Para conhecer uma experiência prática de ação de incidência e aliar a teoria do curso com a prática, as participantes do curso de incidência política visitaram a CAMAPET (Cooperativa de Coleta Seletiva Processamento de Plástico e Proteção Ambiental), onde puderam refletir sobre ações e táticas de incidência política. E os integrantes do curso de mobilização de recursos locais, conheceram de perto a experiência exitosa das ações da ACOPAMEC (Associação das Comunidades Paroquiais de Mata Escura e Calabetão) nesta área de arrecadação de fundos.

Cris Paula, do Instituto Cultural Steve Biko, descreve como as visitas são importantes para experienciar como ações ocorrem na prática: “Foi muito bom ver como a CAMAPET consegue avançar em suas iniciativas através da incidência política, em Salvador, na questão da reciclagem e da subsistência de catadores/as de material reciclado.”

Sobre o Programa Virando o Jogo

O Virando o Jogo oferece cursos online e presenciais nas áreas de mobilização de recursos locais e incidência política em 16 países na África, Ásia e América Latina.

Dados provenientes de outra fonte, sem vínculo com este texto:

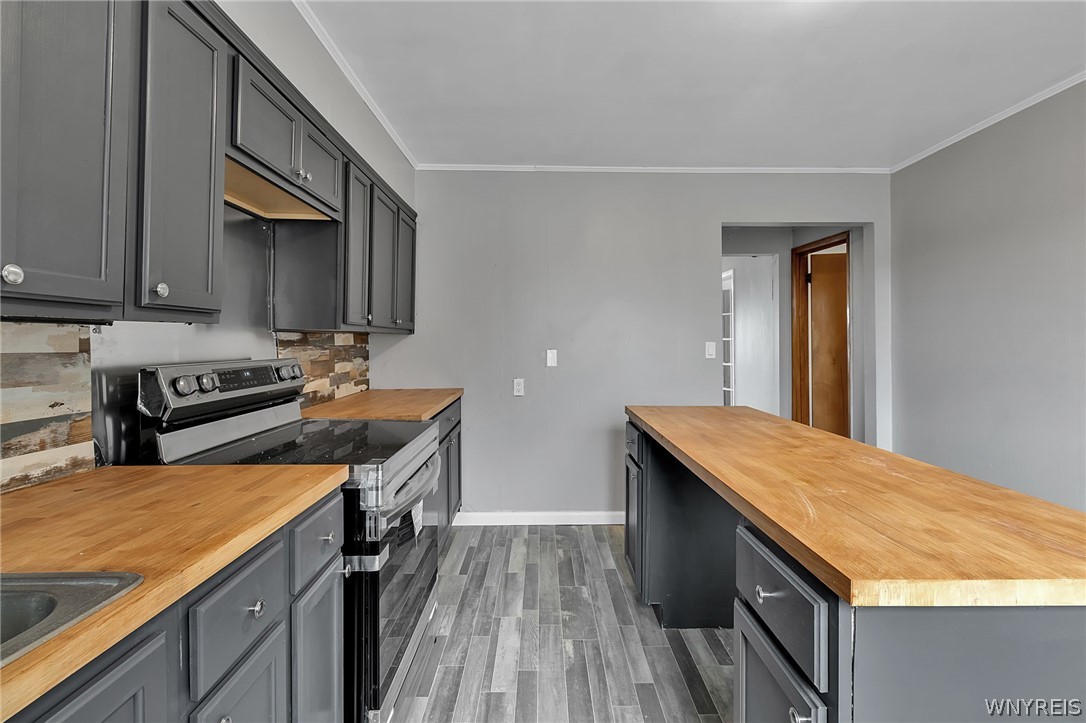 629 Broadway Buffalo, NY 14212 - Photo 7 of 11
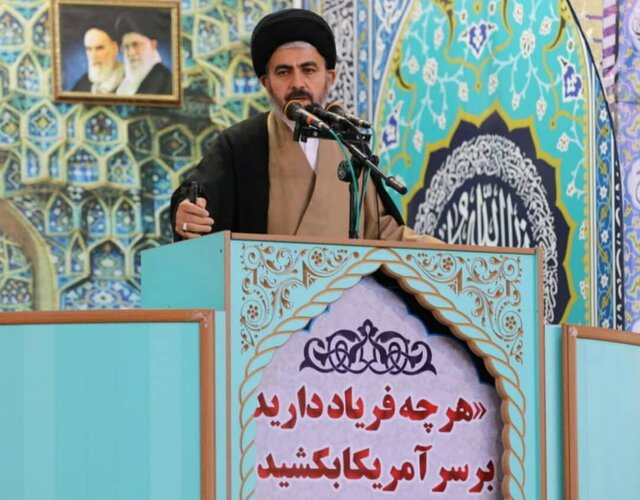 مسئولان مشکلات مردم را حل کنند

O objetivo do programa é capacitar grupos populares e organizações da sociedade civil para ações de defesa de direitos e transformação social, assim como diversificar fontes de recursos para garantir ações cotidianas e uma vida mais duradoura para as organizações.

No Brasil, os cursos são realizados pela CESE, com apoio da agência holandesa Wilde Ganzen,  que já capacitou diferentes organizações, contribuindo para movimentos sociais brasileiros construírem estratégias criativas para conseguir mais apoio e seguir lutando por transformações sociais.